Greg Martin:I sit on several boards through my other funds. My first piece of advice to everybody, is survival is paramount. Cash is king. Anything you can do to survive and sustain your business operations, to keep your team together, that is the most important thing. You don't need to talk about growth. Growth is not important. Survival is the most important thing. We don't know what is going to happen, how long this economic shutdown is going to last, what life is going to be like in the new normal. You have to figure out how to survive. That's the only thing that matters. Cash is king, so shore up your balance sheet as much as you can. Reduce your expenses, which is obviously incredibly important, and have a single focus on survival right now. Obviously, that means different things for different companies depending on their life cycle. However, if you survive, you will be in a great position to thrive. We've seen that through a few cycles before. The survivors end up stronger. What doesn't kill you makes you stronger, as the saying goes. I think that's particularly true in situations like this. You will have less competition, you will have more loyal employees, and you will probably have created a much more lean and mean operating environment in your company. That will enable you to operate better in the future.
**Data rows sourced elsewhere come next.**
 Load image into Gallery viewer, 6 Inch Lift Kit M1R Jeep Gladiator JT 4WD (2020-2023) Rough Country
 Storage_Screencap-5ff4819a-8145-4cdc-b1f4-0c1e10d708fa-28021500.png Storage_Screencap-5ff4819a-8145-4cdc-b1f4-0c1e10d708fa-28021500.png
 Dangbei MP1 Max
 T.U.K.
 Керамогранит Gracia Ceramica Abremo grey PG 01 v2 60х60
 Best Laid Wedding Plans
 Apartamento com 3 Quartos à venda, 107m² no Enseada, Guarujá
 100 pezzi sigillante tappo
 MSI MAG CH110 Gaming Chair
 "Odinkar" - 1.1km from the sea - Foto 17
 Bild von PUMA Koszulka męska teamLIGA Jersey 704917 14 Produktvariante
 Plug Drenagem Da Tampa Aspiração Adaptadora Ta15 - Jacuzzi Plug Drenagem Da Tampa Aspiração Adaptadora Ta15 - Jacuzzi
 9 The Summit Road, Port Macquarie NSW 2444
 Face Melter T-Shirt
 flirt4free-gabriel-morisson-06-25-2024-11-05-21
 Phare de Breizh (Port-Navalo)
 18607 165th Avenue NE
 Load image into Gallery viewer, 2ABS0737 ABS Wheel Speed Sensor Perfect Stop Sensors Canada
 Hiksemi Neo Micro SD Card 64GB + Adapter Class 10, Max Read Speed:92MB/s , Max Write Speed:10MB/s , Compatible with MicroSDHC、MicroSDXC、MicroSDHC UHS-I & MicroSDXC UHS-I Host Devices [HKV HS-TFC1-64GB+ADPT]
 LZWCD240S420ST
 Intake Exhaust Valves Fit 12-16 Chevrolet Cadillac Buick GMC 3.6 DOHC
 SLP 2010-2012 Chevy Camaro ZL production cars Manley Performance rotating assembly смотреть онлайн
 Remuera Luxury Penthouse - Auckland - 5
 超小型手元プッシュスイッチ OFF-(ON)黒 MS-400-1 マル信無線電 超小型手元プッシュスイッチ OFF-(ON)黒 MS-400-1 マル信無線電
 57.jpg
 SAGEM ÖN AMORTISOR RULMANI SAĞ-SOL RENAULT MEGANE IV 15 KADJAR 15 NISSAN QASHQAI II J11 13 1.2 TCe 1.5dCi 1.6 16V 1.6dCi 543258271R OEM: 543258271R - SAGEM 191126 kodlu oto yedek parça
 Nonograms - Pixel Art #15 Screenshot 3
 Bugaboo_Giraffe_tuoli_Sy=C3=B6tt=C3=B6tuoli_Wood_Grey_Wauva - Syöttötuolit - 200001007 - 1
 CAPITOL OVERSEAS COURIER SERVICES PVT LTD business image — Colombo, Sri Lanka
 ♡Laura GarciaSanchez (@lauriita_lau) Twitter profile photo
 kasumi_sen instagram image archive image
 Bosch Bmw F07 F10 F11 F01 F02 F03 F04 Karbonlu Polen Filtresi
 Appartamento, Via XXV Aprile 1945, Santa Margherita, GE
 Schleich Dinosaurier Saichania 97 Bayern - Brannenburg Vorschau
I've seen it time and time again, companies that get through difficult patches come out stronger. It's a tough message, obviously, because reducing costs has a lot of emotional toll. When you're letting go of employees and reducing perks, it's not an easy thing for people to do. However, the rewards of doing it are clear. The most important thing, is to be three when things start to get going again, because there are rewards at the point for those that survive.

Thanks!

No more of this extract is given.